■ **What the task asks**
Could you transcribe exactly the lines below, from the line with "perryfarmvillage.com" through the line with "sunny online show from April 16, 9:39 pm", and nothing else, leaving out the pictures?

**** Supplied entries

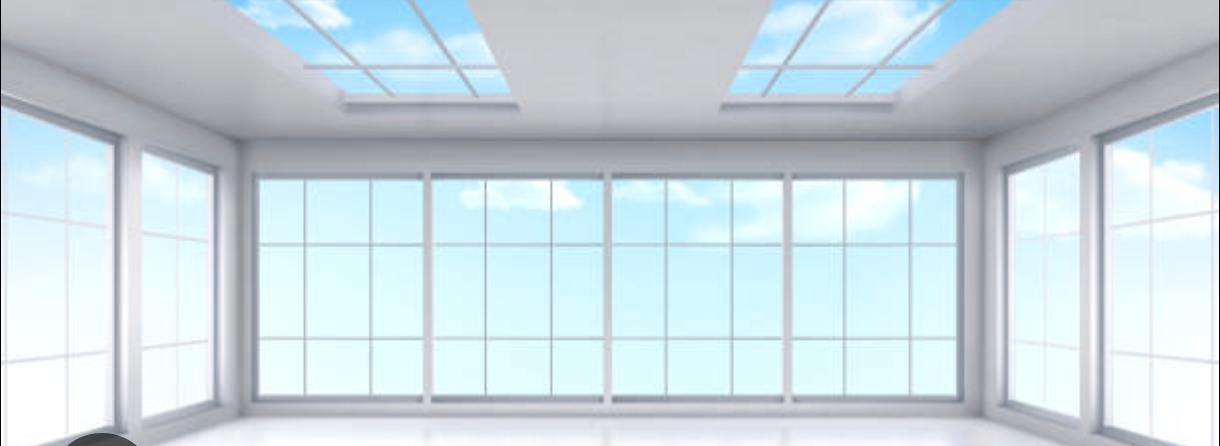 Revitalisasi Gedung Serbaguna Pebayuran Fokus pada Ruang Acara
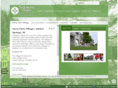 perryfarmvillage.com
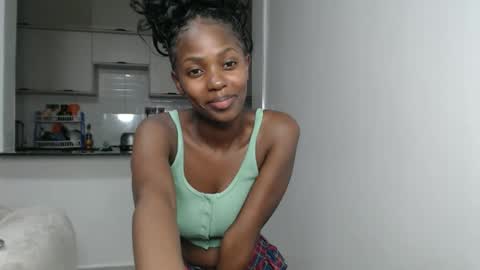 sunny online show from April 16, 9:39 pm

********
**** Supplied entries

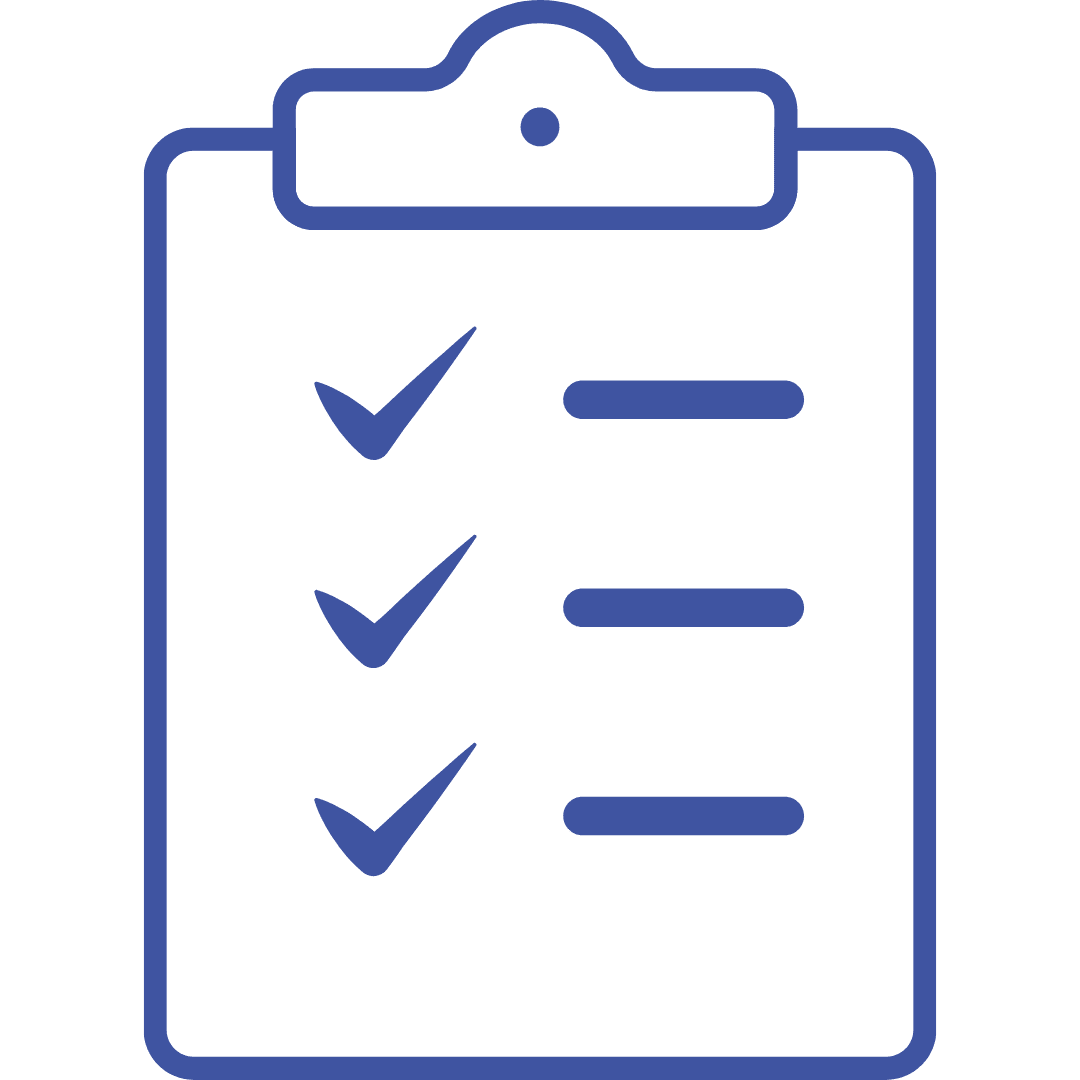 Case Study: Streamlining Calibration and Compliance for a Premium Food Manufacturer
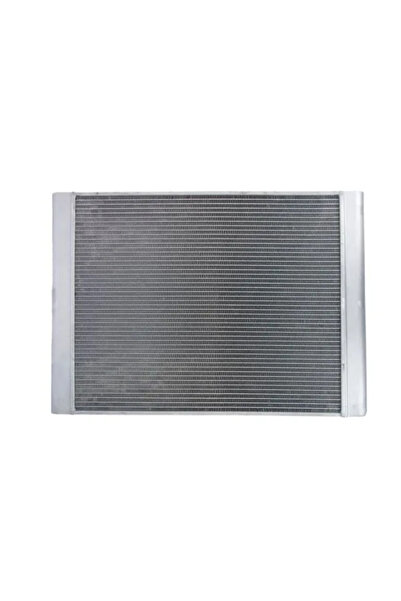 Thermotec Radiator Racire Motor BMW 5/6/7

********
**** Supplied entries

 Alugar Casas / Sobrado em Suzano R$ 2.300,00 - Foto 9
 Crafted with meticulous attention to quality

********

■ **Output of the exercise**
 perryfarmvillage.com
 sunny online show from April 16, 9:39 pm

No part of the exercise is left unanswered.